I fondi per le rinnovabili stanziati nella legge di bilancio e che le imprese utilizzano sono meno del 2%. In poche parole l’ambizioso Piano Transizione 5.0 rischia di fallire. Con i principali protagonisti delusi, se non addirittura rinunciatari. È noto ormai che nel cammino della transizione energetica l’Italia deve innestare una nuova marcia se vuole avvicinarsi ai traguardi di efficienza energetica, ma deve superare ancora molti ostacoli. Le piccole imprese che devono prendere i soldi della Transizione 5.0 sono ansiose di capire che posizione prenderà il governo durante l’iter parlamentare sulla manovra economica. Secondo l’ACEPER, l’Associazione che da una decina d’anni rappresenta produttori e consumatori di energia, la manovra non aiuta gli imprenditori. Il dito è puntato contro la burocrazia, dato che “soltanto l’1,6% dei fondi viene effettivamente utilizzato dalle imprese italiane. Faticano a investire sull’energia rinnovabile e a installare impianti fotovoltaici ”, ha spiegato Veronica Pitea, Presidente di ACEPER. C’è una sostanziale discrepanza tra fondi stanziati e fondi effettivamente utilizzati. I 12,7 miliardi di euro previsti fino a oggi sono stati richiesti solo da 413 aziende con una percentuale pari all’1,6% delle somme disponibili.
Le cause e le proposte
Perché accade ? Perché la strada per avere i soldi è complicata. Sul reale utilizzo pesa il macigno dei passaggi burocratici. Il governo non ha valutato le conseguenze di una simile impostazione ? Il ministro Gilberto Picchetto Fratin in occasione della Cop 29 di Baku, ha fatto nuove promesse sulla transizione energetica e sul coordinamento delle politiche di settore, ma le lungaggini lo tradiscono. Dovrebbe ascoltarli i produttori e i consumatori di energia che chiedono principalmente la semplificazione delle procedure. È lo strumento che permetterebbe loro di aumentare la competitività sul mercato europeo e liberarsi da sovrapprezzi. D’altra parte alle imprese che hanno in mano anche gli incentivi del Piano Industria 4.0. dovrebbe essere consentito di cumulare gli incentivi. L’operazione ora non è permessa, dicono le imprese, e il governo ha tutti gli strumenti per poter intervenire.

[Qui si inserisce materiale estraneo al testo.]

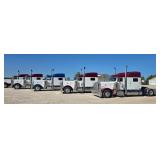 LUM HUGHSTON TRUCKING RETIREMENT AUCTION
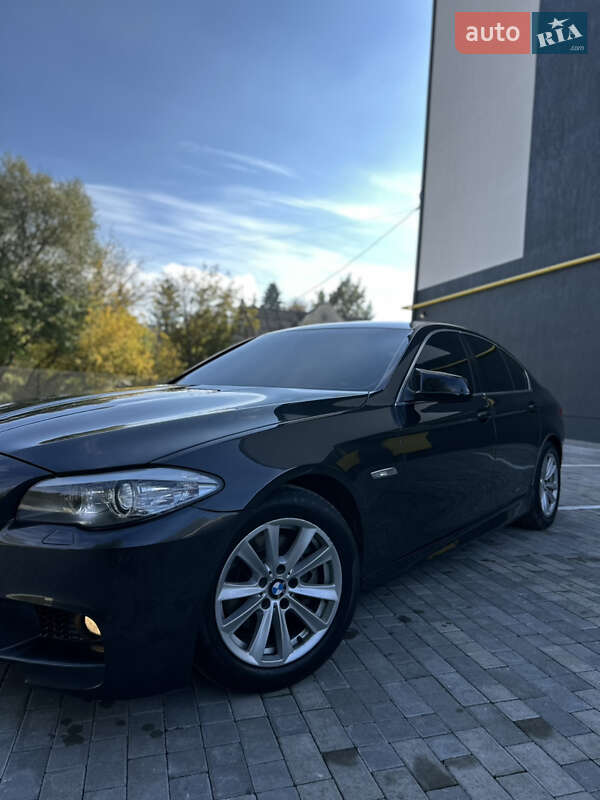 Седан BMW 5 Series 2011 в Кременце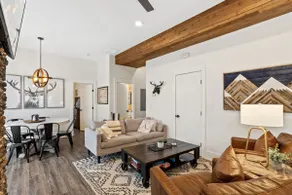 Mountain Townhome in Downtown Blowing Rock with pr - Image 5
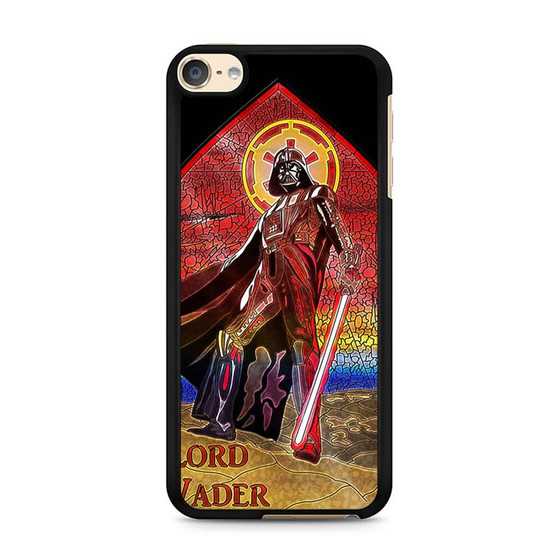 Star Wars Lord Vader iPod Touch 6 Case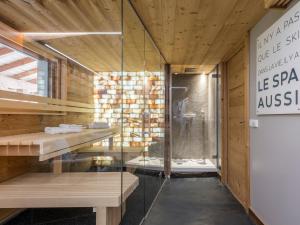 Chalet CLADIE - Private Jacuzzi & Sauna - View of Mont Blanc range - By Cozee Rentals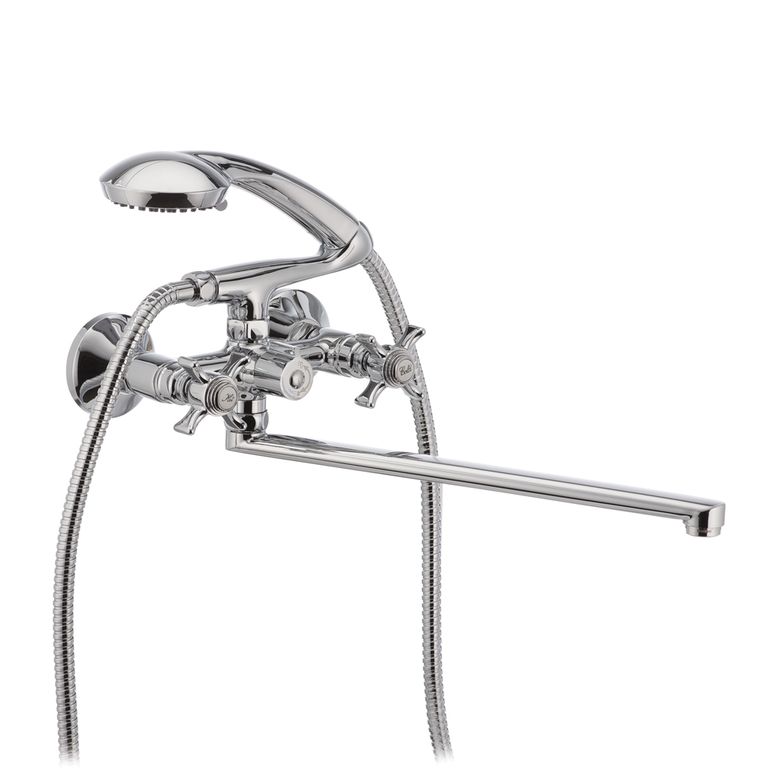 Смеситель Для Ванны Haiba Zeon 140 (Hb0420)
Смеситель Для Ванны Haiba Zeon 140 (Hb0420)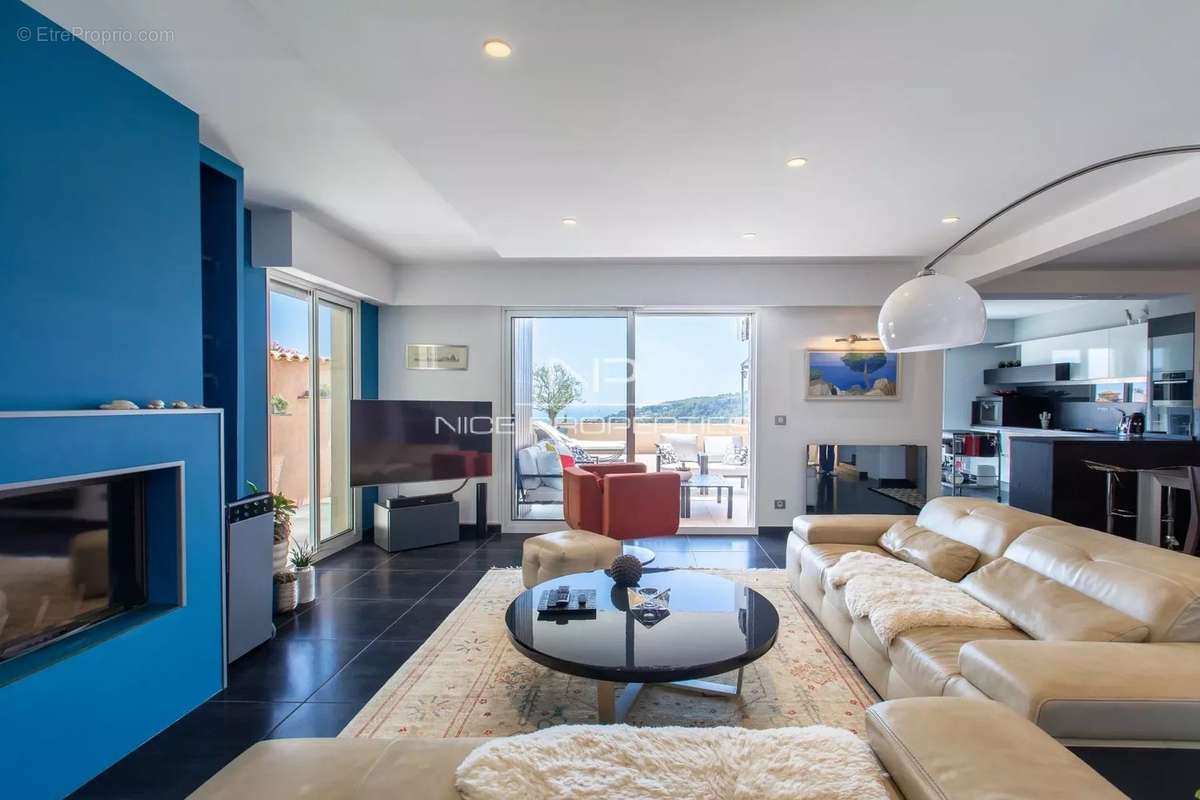 Appartement à VILLEFRANCHE-SUR-MER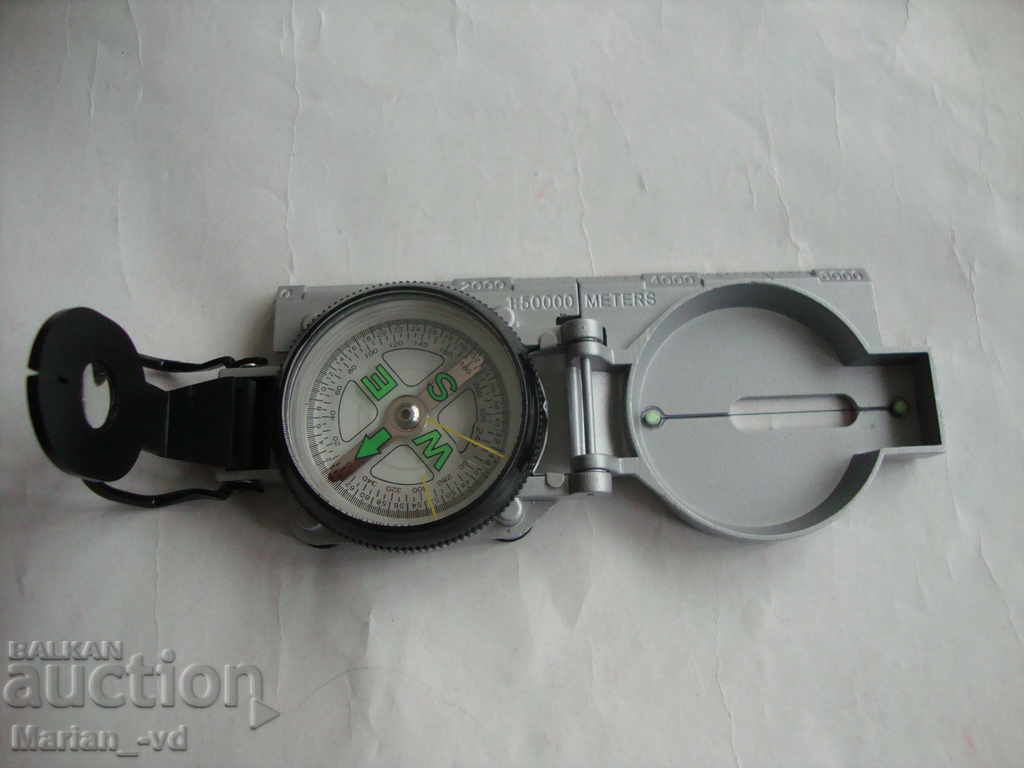 Compass TCM with price 25.00 BGN | € 12.78 Compass TCM with price 25.00 BGN | € 12.78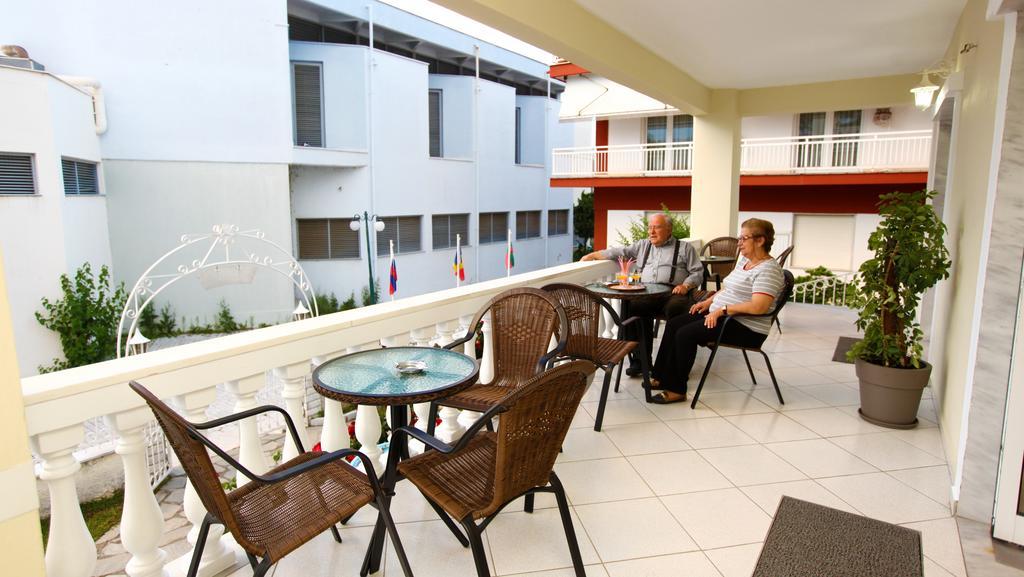 Philoxenia Inn Limenas  Zewnętrze zdjęcie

In un momento in cui l’economia globale si muove a ritmo serrato, l’Italia dovrebbe rispondere con prontezza, flessibilità e innovazione. “Semplificare l’accesso ai fondi e renderli più inclusivi e adattabili alle esigenze reali delle imprese è una delle sfide più importanti per sostenere la crescita e la competitività del Paese”, ha aggiunto Veronica Pitea. Le indicazioni al governo a fare meglio non mancano di certo e se ci si apre all’ascolto di chi vuole aiutare il Paese a crescere bisogna darsi da fare. Purtroppo quello dell’eccesso di burocrazia è un vecchio refrain molto stonato e odiato dagli italiani.